About this exercise >> Your answer must consist solely of the line containing "Cute elephant sitting" and all subsequent lines through the end of the entries, reproduced exactly.

Given data >>
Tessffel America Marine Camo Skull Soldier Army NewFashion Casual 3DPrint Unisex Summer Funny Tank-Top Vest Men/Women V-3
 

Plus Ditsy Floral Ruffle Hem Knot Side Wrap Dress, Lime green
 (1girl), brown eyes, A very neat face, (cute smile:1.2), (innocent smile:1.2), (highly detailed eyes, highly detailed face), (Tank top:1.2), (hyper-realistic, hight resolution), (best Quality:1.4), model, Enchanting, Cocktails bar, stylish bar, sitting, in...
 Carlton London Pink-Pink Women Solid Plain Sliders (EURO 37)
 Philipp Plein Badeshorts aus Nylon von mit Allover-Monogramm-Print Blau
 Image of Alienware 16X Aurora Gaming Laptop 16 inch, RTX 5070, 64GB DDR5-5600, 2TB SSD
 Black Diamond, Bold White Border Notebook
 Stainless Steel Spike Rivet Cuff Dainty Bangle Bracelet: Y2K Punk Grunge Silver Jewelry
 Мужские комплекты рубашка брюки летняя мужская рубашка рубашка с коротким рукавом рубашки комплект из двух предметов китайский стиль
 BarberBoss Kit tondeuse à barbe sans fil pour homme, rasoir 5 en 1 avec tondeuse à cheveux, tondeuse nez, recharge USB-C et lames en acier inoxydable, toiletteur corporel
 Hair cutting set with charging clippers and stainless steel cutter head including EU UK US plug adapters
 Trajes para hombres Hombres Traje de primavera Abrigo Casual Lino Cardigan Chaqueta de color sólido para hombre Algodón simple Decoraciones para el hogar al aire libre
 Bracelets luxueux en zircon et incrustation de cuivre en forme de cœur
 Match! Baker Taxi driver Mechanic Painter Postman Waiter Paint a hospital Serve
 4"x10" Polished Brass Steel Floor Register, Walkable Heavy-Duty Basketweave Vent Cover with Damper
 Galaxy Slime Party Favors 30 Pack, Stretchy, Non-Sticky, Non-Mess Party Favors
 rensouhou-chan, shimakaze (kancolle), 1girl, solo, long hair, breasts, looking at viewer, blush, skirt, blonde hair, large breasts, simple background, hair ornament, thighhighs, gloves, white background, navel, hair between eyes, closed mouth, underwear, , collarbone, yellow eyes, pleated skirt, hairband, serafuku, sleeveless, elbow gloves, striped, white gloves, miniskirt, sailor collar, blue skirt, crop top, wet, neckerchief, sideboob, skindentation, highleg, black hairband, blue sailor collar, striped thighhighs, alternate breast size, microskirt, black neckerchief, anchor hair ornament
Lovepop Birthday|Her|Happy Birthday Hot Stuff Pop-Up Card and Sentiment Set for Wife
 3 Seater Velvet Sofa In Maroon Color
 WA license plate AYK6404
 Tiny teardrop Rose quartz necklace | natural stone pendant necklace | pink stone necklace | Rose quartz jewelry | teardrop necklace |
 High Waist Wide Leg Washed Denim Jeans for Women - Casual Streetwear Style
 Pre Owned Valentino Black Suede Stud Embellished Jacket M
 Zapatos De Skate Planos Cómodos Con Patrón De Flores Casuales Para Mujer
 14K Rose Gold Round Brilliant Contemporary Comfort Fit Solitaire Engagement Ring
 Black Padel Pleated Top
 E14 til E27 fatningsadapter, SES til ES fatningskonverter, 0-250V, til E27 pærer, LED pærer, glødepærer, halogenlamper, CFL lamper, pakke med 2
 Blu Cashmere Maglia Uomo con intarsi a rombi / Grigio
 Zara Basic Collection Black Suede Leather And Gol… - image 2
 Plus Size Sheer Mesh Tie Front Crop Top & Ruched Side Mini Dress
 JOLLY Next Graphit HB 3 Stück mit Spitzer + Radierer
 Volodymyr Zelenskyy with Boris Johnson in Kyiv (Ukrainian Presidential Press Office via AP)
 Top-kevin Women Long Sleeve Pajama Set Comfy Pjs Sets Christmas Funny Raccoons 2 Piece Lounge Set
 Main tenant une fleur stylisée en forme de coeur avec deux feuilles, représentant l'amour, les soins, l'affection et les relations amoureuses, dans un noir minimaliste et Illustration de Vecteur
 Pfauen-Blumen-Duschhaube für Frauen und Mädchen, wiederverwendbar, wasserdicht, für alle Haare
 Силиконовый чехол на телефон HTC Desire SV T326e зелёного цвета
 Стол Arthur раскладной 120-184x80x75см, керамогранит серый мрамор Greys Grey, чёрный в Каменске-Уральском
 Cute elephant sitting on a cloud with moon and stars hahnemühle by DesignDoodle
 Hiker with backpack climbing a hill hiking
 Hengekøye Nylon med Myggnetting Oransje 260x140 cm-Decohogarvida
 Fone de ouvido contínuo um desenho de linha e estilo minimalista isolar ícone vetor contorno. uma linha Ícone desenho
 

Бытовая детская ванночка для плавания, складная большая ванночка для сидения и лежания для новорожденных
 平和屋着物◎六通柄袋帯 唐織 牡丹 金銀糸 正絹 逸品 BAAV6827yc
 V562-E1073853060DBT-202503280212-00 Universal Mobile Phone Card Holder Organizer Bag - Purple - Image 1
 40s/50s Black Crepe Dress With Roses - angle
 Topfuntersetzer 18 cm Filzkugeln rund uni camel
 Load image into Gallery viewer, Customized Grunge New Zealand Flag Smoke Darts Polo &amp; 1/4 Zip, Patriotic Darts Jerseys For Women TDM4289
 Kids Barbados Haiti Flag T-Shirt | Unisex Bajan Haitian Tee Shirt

Your response >>
 Cute elephant sitting on a cloud with moon and stars hahnemühle by DesignDoodle
 Hiker with backpack climbing a hill hiking
 Hengekøye Nylon med Myggnetting Oransje 260x140 cm-Decohogarvida
 Fone de ouvido contínuo um desenho de linha e estilo minimalista isolar ícone vetor contorno. uma linha Ícone desenho
 

Бытовая детская ванночка для плавания, складная большая ванночка для сидения и лежания для новорожденных
 平和屋着物◎六通柄袋帯 唐織 牡丹 金銀糸 正絹 逸品 BAAV6827yc
 V562-E1073853060DBT-202503280212-00 Universal Mobile Phone Card Holder Organizer Bag - Purple - Image 1
 40s/50s Black Crepe Dress With Roses - angle
 Topfuntersetzer 18 cm Filzkugeln rund uni camel
 Load image into Gallery viewer, Customized Grunge New Zealand Flag Smoke Darts Polo &amp; 1/4 Zip, Patriotic Darts Jerseys For Women TDM4289
 Kids Barbados Haiti Flag T-Shirt | Unisex Bajan Haitian Tee Shirt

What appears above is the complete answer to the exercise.